CIPC #421: State secret

With State secret — released in the USA as The great manhunt — we go back to 1950  It’s a classical action movie with solid acting, a decent plot, and beautiful scenery. It’s about a doctor Marlowe who is lured to a fictional Balkan country1 to operate on the local dictator but is then held in the country, because the local government doesn’t want the frailty of health to be known to the public. The doctor is none too pleased with this turn of events and tries to get out of the country, but the police is after him – which explains the American title The great manhunt. It was both a critical and financial success because it has a chess scene in it.

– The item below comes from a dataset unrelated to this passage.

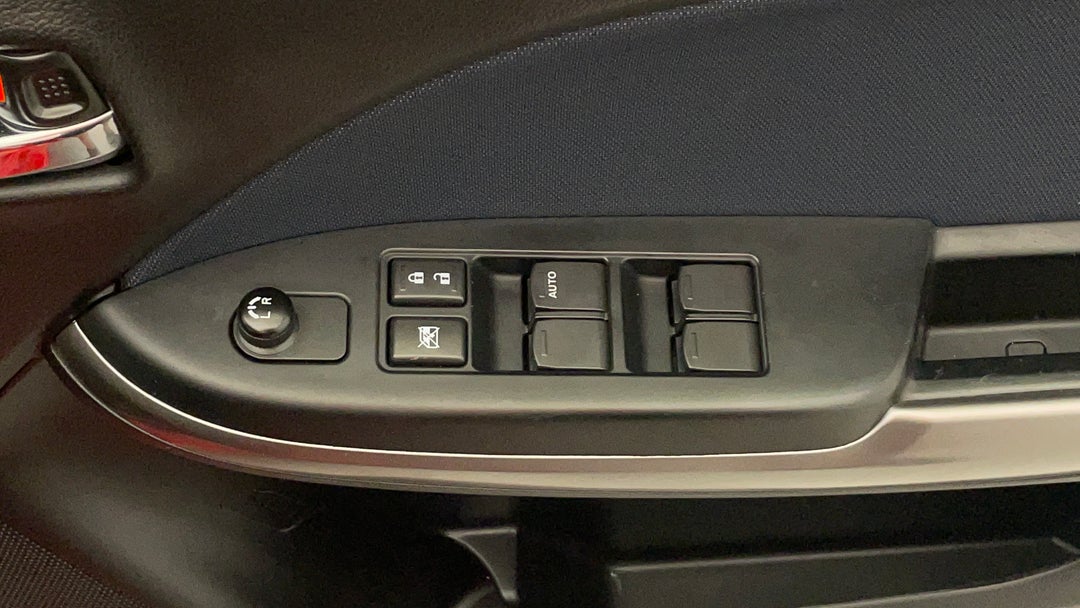2021 Suzuki Baleno Gl, Manual, 18839 km, Drivers Side Door Panel Controls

It’s not a rather brief scene and deleting it would barely affect the plot. In fact, not a word is spoken during it. That, at least, is normal for a game of chess. How about the position? Is that normal? Well, I can’t really say. The film is very old and I have not been able to locate a high definition version, making the reconstruction a very big problem. Such a big problem, in fact, that I couldn’t solve it. Yes, normally there should be a diagram here,2 but I couldn’t make an even halfway reasonable attempt.

There’s definitely something weird going on, because the pieces are unnaturally clustered around the h1-a8 diagonal. But what exactly and how weird it is, I have not been able to figure out. And so it all peters out in a big disappointment.

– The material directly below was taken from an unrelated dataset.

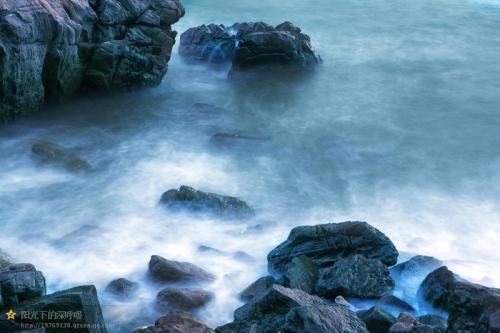 就像仙女切开的红色光芒一样
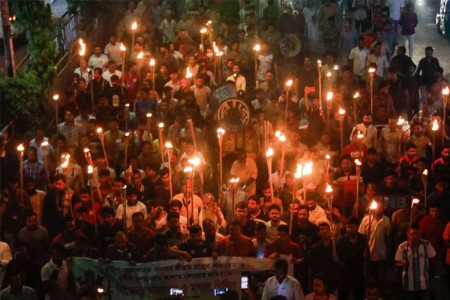 ‘जय श्री राम’च्या घोषणांनी ढाका दणाणले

I’m sorry. Please don’t start a manhunt.

Realism: ?/5 I really can’t say. I guess it will remain a state secret forever. Or at least until I find a version in high definition.

Probable winner: We never get to find out, but I find it hard to believe the colonel is letting the doctor get away, so probably black.

1. [The country is called Vosnia. I don’t know whether the near-homophone for Bosnia is a coincidence.]